AIM OF THE EXERCISE: Please reproduce the data exactly, though every picture must stay out.

INFORMATION PROVIDED:
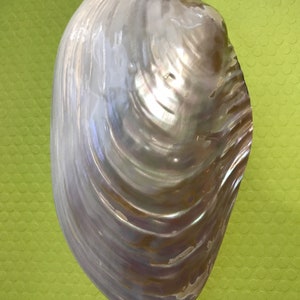 May include: A large, iridescent white seashell with a smooth, pearlescent surface. The shell has a rounded shape with a slight curve and a textured, rippled pattern.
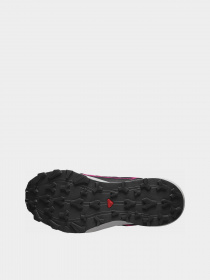 Кроссовки повседневные SALOMON Thundercross GTX модель L47383500 Фото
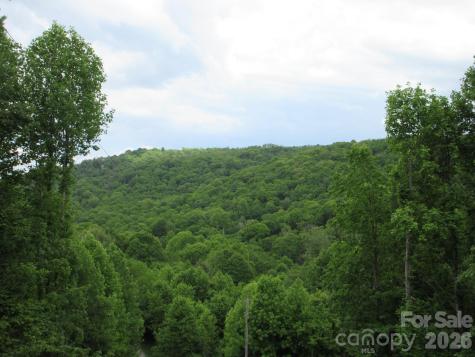 0 Rocky Top Trail Hot Springs NC 28743
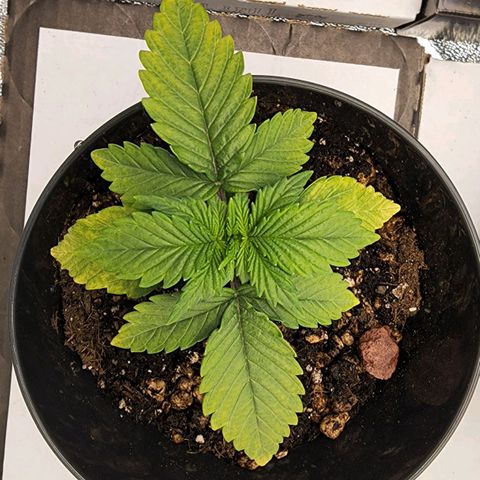 Candy Kush growlog timeline photo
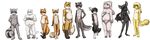  aogami balls bat blue_eyes breasts canine chubby dog erection eyewear female flaccid fox fur glasses green_eyes grey_eyes grey_fur hi_res lagomorph male mammal naval navel nude one_eye_closed orane_fur orange_fur penis plain_background pussy rabbit raccoon uncut white_background white_fur yellow_fur young 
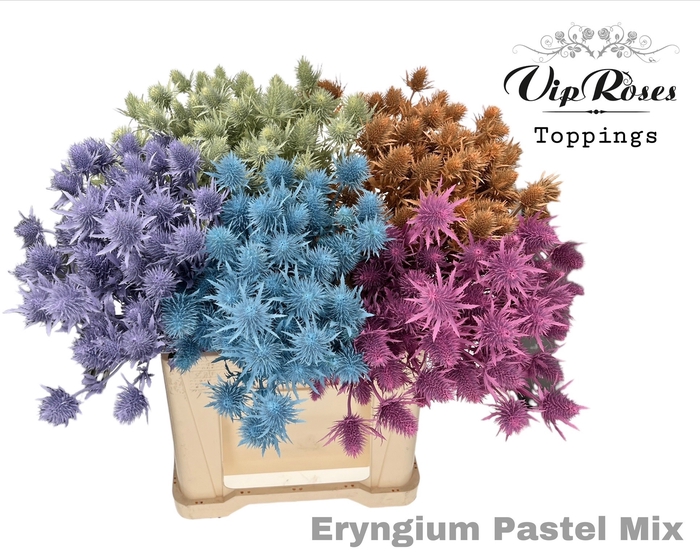 <h4>ERYNGIUM SUPERNOVA PASTELMIX 60cm</h4>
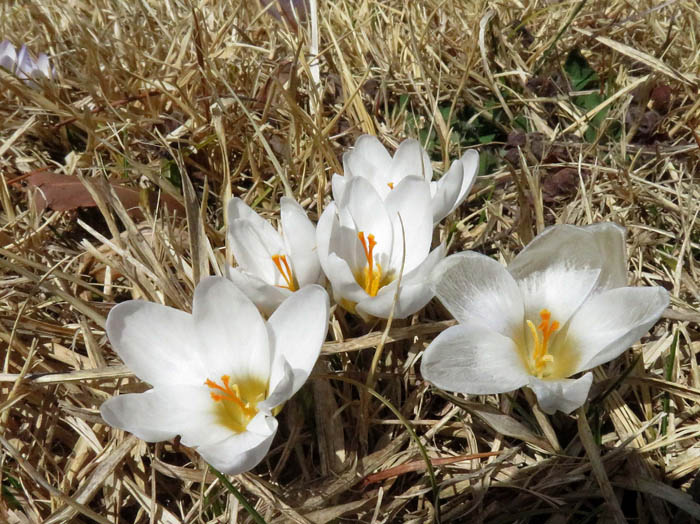 photoクロッカス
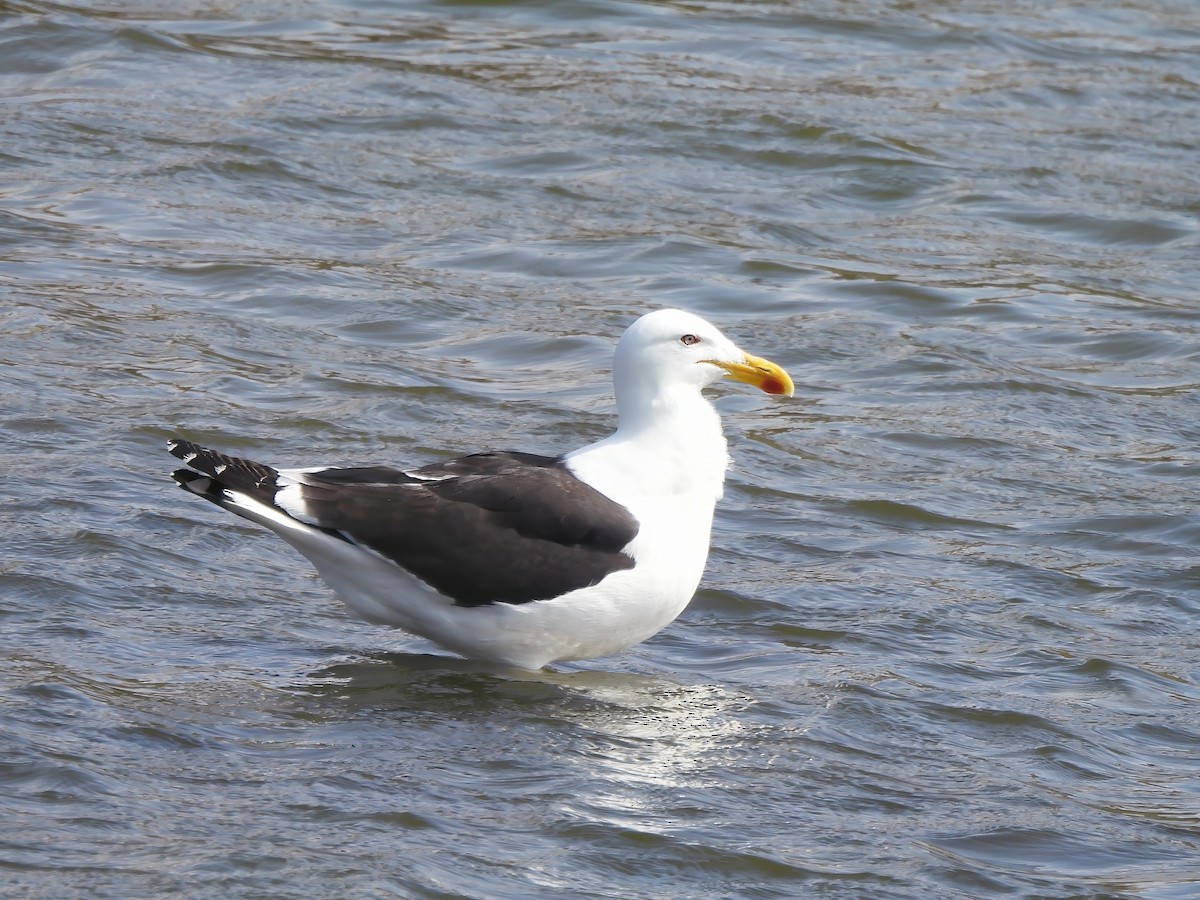 Kelp Gull - ML647551172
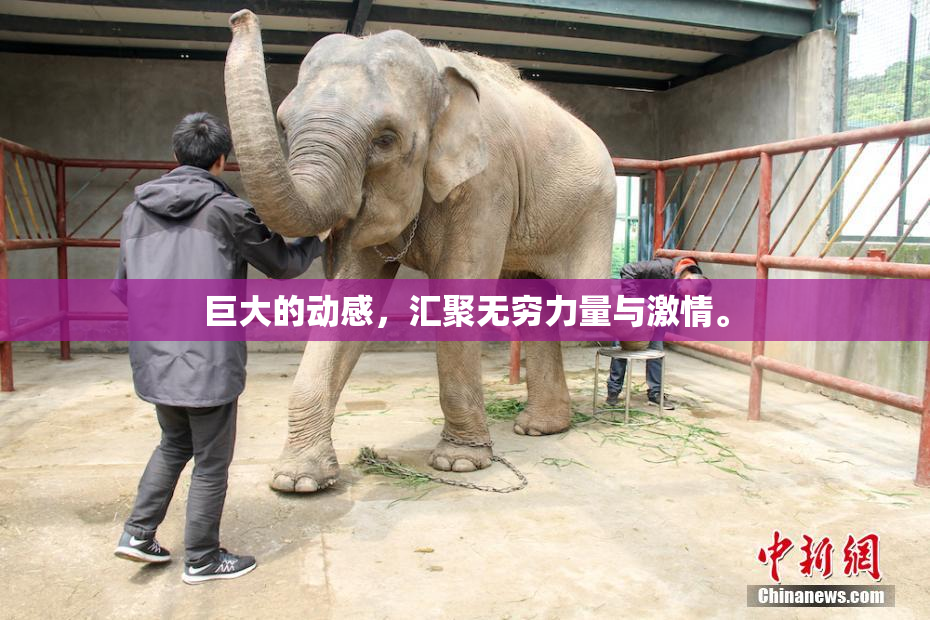 巨大的动感，汇聚无穷力量与激情。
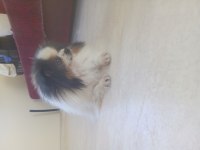 Mama parasına damızlık pomeranian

EXPECTED OUTPUT:
 May include: A large, iridescent white seashell with a smooth, pearlescent surface. The shell has a rounded shape with a slight curve and a textured, rippled pattern.
 Кроссовки повседневные SALOMON Thundercross GTX модель L47383500 Фото
 0 Rocky Top Trail Hot Springs NC 28743
 Candy Kush growlog timeline photo
  aogami balls bat blue_eyes breasts canine chubby dog erection eyewear female flaccid fox fur glasses green_eyes grey_eyes grey_fur hi_res lagomorph male mammal naval navel nude one_eye_closed orane_fur orange_fur penis plain_background pussy rabbit raccoon uncut white_background white_fur yellow_fur young 
 <h4>ERYNGIUM SUPERNOVA PASTELMIX 60cm</h4>
 photoクロッカス
 Kelp Gull - ML647551172
 巨大的动感，汇聚无穷力量与激情。
 Mama parasına damızlık pomeranian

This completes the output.